# TASK ITEM
Below is a listing. Set down exactly the lines from the one containing "Stenbolone y entrenamiento de calistenia" through the one containing "Podłogowa Lampa LED", both ends included, and leave out the rest.

# DATA SHOWN
╭──

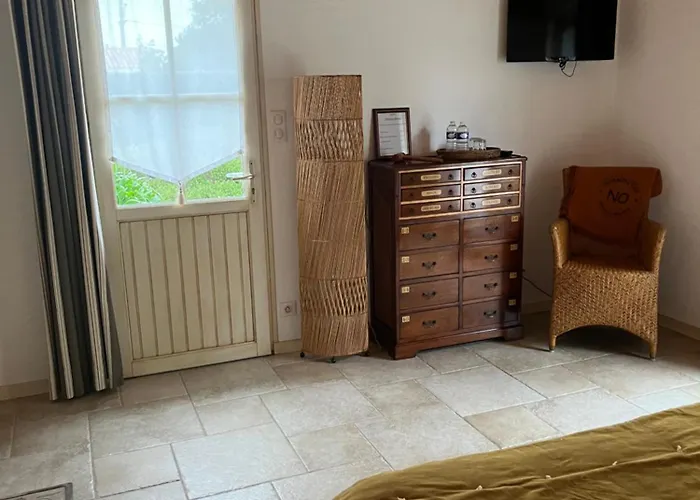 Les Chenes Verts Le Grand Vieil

╰──
╭──

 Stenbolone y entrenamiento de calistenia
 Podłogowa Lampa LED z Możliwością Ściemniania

╰──

# RESULT
 Stenbolone y entrenamiento de calistenia
 Podłogowa Lampa LED z Możliwością Ściemniania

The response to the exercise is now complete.